Contracts can also end:
- by agreement – both parties agree to end contract before the work is completed.
- by frustration – where the contract cannot continue due to some unforeseen circumstances outside the parties’ control.
- for convenience – where the contract allows a party to terminate at any time by providing notice to the other party.
- because of a breach – where one party has not complied with an essential contract condition, the other party may decide to terminate the contract and seek compensation or damages.
If someone has breached a contract warranty or minor term, it is unlikely that it can be terminated, though the other party may seek compensation or damages.
Some contracts may specify what will be payable if there is a breach. They often call this liquidated damages.
If there is a dispute regarding the contract, it is important both parties communicate to resolve the matter. You may use low-cost Alternative Dispute Resolution (ADR) service or seek legal advice to help resolve your dispute.
Structure of an agreement
There is no specific format that a contract must follow. It will include some terms, either expressed or implied, that will form the basis of the agreement. These terms may outline contract conditions or contract warranties.
Contract conditions are fundamental to the agreement. If the contract conditions are not met it is possible to terminate the contract and seek compensation or damages.
Contract warranties are less important terms and not fundamental to the agreement. You cannot end a contract if the warranties are not fulfilled, however, you may seek compensation for any losses incurred.
When negotiating the contract terms make sure the conditions of the contract are clearly defined and agreed to by all parties.

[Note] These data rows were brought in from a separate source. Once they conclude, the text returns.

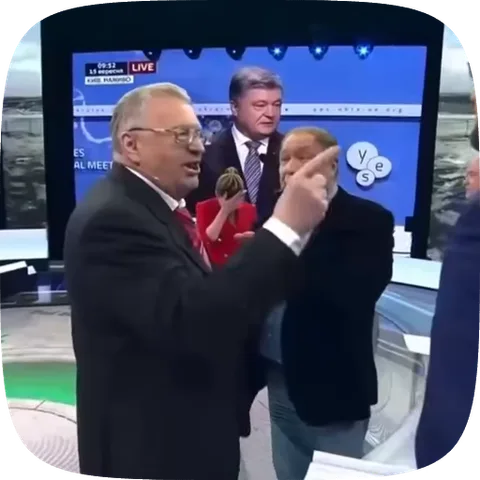 Мужчина в очках и темном костюме на телевидении эмоционально указывает пальцем и машет рукой.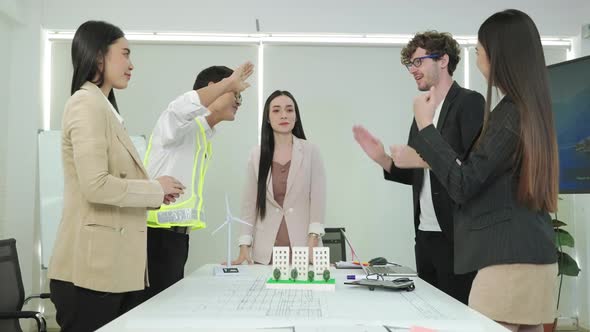 architects team tap your hand to do a high-five pose after the presentation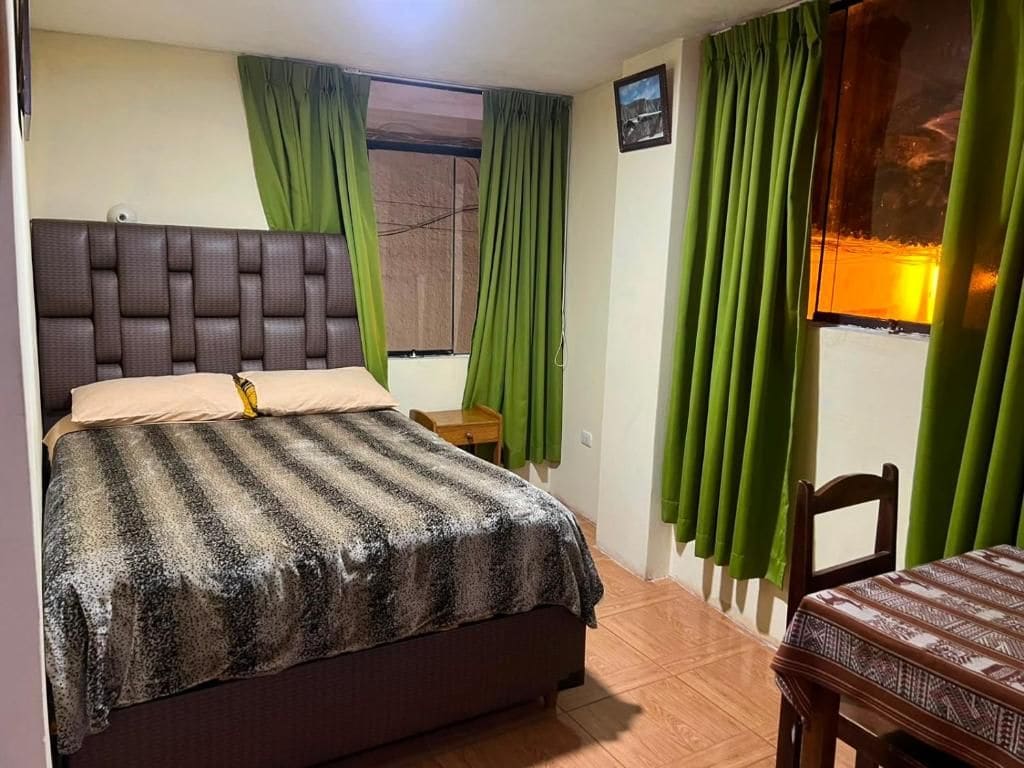 A bedroom with a bed, a bedside table, a chair, and curtains.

Contracts may follow a structure that can include, but are not limited to, the following items:
- details of the parties to the contract, including any sub-contracting arrangements
- duration or period of the contract
- definitions of key terms used within the contract
- a description of the goods and/or services that your business will receive or provide, including key deliverables
- payment details and dates, including whether interest will apply to late payments
- key dates and milestones
- required insurance and indemnity provisions
- guarantee provisions, including director’s guarantees
- damages or penalty provisions
- renegotiation or renewal options
- complaints and dispute resolution process
- termination conditions
- special conditions
Hire a business contract lawyer
To ensure you get the best advice and representation, select a lawyer that:
- has experience and expertise in dealing with your legal issue
- can communicate using simple language
- is easily accessible
- you feel comfortable with
- charges fees that are reasonable and acceptable to you.